Rosen elaborated on his talk in a post he published titled The Journalists Formerly Known as the Media: My Advice to the Next Generation, in which he takes a thoughtful, retrospective look at the evolution of the public, the audience and the media:
In 1764, for example, the King of France ruled it illegal to print or sell or peddle on the street anything about the reform of state finances—past, present or future. It’s not only that there was no freedom of the press. That was true, but more than that: The king’s mystery was not considered the people’s business. The whole idea that the affairs of the nation belonged to the people of that nation had yet to be accepted. Without an idea like that (today we would call it “the public’s right to know…”) the very practice of journalism is impossible—in fact, unthinkable.

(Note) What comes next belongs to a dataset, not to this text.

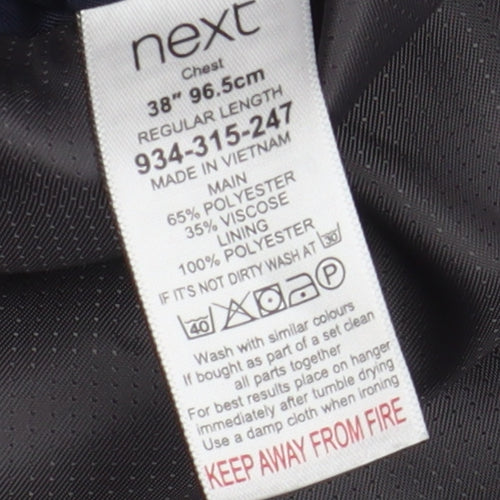 Next Men's Blue Blazer 38R Regular Single-Breasted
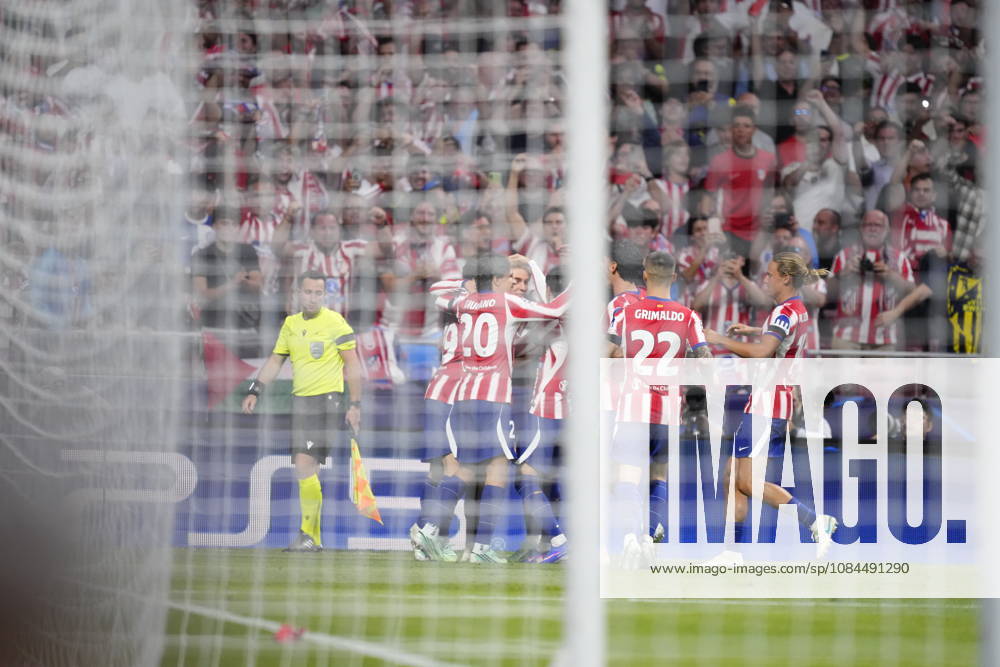 Atletico de Madrid v Manchester United, ManU - UEFA Champions League 2026 27 League Phase MD2 Pablo Barrios central midfield of Atletico de Madrid and Spain celebrates after scoring his sides first goal during the UEFA Champions League 2026 27 League Phase MD2 match between Atletico de Madrid and Manchester United at Estadio Metropolitano on October 13, 2026 in Madrid, Spain. Madrid Spain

It took a while before those outside of the government began gaining access to information and developed ways to communicate what went on behind closed doors, and when they did, they began changing the culture of news around diplomacy:
Let’s jump ahead to Paris in 1919 and the Peace Conference that ended World War I. Something new was seen at Paris. At previous international conferences intended to conclude wars and settle borders, the diplomats would negotiate in secret and emerge weeks later with a result which was then conveyed to the home countries as a more or less finished product. In Paris a new pattern was seen. The American delegation was accompanied by over 150 newspaper correspondents. They shocked the diplomats by demanding entrance to the opening session.
Rosen alludes to his famous post on The People Formerly Known as the Audience and builds upon it, calling out to the journalists formerly known as the media:
Seeing people as masses is the art in which the mass media, and professional media people, specialized during their profitable 150-year run (1850 to 2000). But now we can see that this was actually an interval, a phase, during which the tools for reaching the public were placed in increasingly concentrated hands. Professional journalism, which dates from the 1920s, has lived its entire life during this phase, but let me say it again: this is what your generation has a chance to break free from. The journalists formerly known as the media can make the break by learning to specialize in a different art: seeing people as a public, empowered to make media themselves.
In conclusion, Rosen offers 10 pieces of advice to the next generation of journalists. Read the full post for an explanation of each point.
1. Replace readers, viewers, listeners and consumers with the term “users.”
2. Remember: the users know more than you do.
3: There’s been a power shift; the mutualization of journalism is here.
4: Describe the world in a way that helps people participate in it.
5: Anyone can doesn’t mean everyone will.
6: The journalist is just a heightened case of an informed citizen, not a special class.
7: Your authority starts with, “I’m there, you’re not, let me tell you about it.”
8: Somehow, you need to listen to demand and give people what they have no way to demand.
9: In your bid to be trusted, don’t take the View From Nowhere; instead, tell people where you’re coming from.
10: Breathe deeply of what DeTocqueville said: “Newspapers make associations and associations make newspapers.”